*Aim of the task*: Restate word for word the lines of the entries below, starting with the line that holds "Hardknott Roman Fort" and ending with the line that holds "رجل سعودي متحمس", and no others.

※

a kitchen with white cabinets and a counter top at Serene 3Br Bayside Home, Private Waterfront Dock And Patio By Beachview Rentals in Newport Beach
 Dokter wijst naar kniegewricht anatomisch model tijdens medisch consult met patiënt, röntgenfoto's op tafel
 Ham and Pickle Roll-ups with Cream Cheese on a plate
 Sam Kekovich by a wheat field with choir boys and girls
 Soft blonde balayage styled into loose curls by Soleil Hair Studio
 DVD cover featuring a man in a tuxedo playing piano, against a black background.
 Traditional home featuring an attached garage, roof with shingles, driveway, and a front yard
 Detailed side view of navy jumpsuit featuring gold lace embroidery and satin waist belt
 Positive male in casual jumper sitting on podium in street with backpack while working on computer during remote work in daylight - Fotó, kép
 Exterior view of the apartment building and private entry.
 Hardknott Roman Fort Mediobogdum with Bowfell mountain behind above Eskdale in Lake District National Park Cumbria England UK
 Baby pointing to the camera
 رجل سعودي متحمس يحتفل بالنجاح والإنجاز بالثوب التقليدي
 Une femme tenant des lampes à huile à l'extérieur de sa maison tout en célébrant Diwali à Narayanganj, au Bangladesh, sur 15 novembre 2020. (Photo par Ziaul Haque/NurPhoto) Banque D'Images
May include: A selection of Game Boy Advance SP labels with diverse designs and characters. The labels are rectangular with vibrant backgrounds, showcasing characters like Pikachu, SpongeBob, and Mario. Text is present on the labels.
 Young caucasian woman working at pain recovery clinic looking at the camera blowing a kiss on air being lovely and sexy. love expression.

※

*Response area*:
 Hardknott Roman Fort Mediobogdum with Bowfell mountain behind above Eskdale in Lake District National Park Cumbria England UK
 Baby pointing to the camera
 رجل سعودي متحمس يحتفل بالنجاح والإنجاز بالثوب التقليدي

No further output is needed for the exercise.